Recently, we have been encountering an increased number of claims from buyers after a closing that the seller failed to disclose a latent defect in the property. As a result of this increase, we also noticed that, while most real estate professionals have a general understanding of a seller’s duty to disclose, a few misconceptions exist as to what is required under Florida law.
As you probably know, the landmark case in this area of law is the Florida Supreme Court case Johnson v. Davis. In Johnson, the Court made it clear that a seller must disclose any known latent defects which materially affect the value of the property, and which are not readily observable to the buyer, before signing any contract. Below are some important points to be aware of regarding this duty to disclose:
1. The standard for liability is whether the seller had actual knowledge of the defect. This is the area where we encounter the most confusion, because merely discovering a major defect that was not disclosed is not enough to prevail on a failure to disclose claim.

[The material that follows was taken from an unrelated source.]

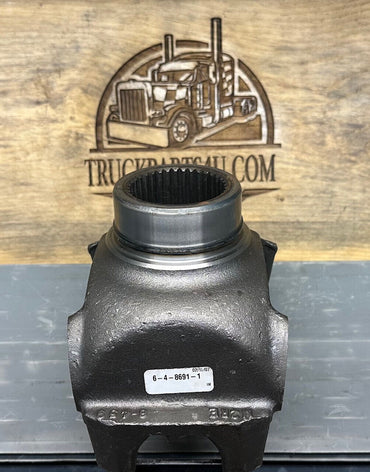 6-4-8691-1 DANA SPICER 1710 SERIES END YOKE  ALT# 6-4-8701-1X.  *NEW GENUINE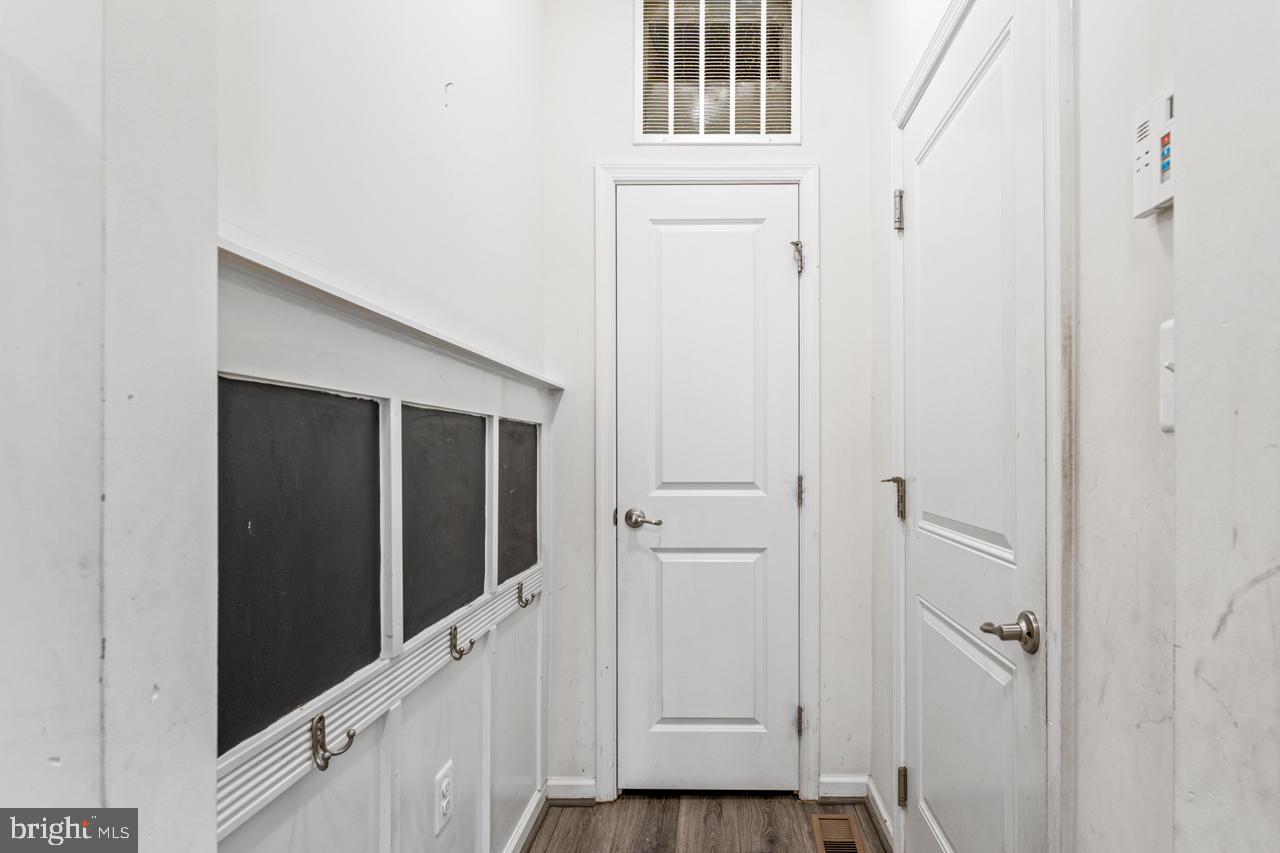 15064 North Ridge Boulevard Culpeper, VA 22701 - Photo 13 of 65 Mud room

The buyer must prove that the seller knew the defect existed. It is not enough to prove that the seller should have known of the defect, or that any reasonable person would have known of the defect. This means that the buyer must find evidence of the seller’s knowledge, such as recent patching over an area, or a neighbor who says plumbers were constantly called to the property over drainage issues.
2. A seller cannot avoid liability for failing to disclose a latent defect by executing an “As Is” contract or including a broad “as is” clause in a contract.
3. The duty to disclose only applies to residential property. There is no duty to disclose in commercial real estate transactions; however, sellers of commercial real estate can still be held liable for fraud if the seller actively conceals a defect or intentionally misrepresents facts to the buyer.
4. If a defect is discovered prior to closing, and the seller hires a contractor to correct the problem, the buyer should have the repair work inspected by a third party. Moreover, it may be prudent for the buyer to get the seller to certify in writing that the repairs were properly completed and the defect fully remediated. This is because the seller is not liable for improperly completed work unless s/he actually knew the repairs were incomplete or improper.
5. While many sellers complete and provide potential purchasers with the form “Seller’s Real Property Disclosure Statement,” sellers are not required to do so under Florida law. Buyers are encouraged to request a seller’s disclosure form from the seller before signing any contract.
6. The duty of disclosure extends to the seller’s real estate broker. This means that a real estate broker can be sued by a buyer for failure to disclose. Therefore, any broker representing a seller should fully advise the seller to disclose all latent defects and cooperate in disclosing any defects to potential purchasers. The listing agent may desire to take the additional precautionary measure of having the seller sign a document certifying that s/he has disclosed all defects to the listing agent.
It is often challenging to bring a successful failure to disclose claim because of the difficulty in finding evidence that the seller actually knew of the defect. For this reason, we strongly encourage any buyer to conduct comprehensive, thorough and professional inspections of the property before purchase in order to avoid any potential claim after closing. As always, should you have any questions regarding the foregoing we urge you to consult with your local real estate attorney.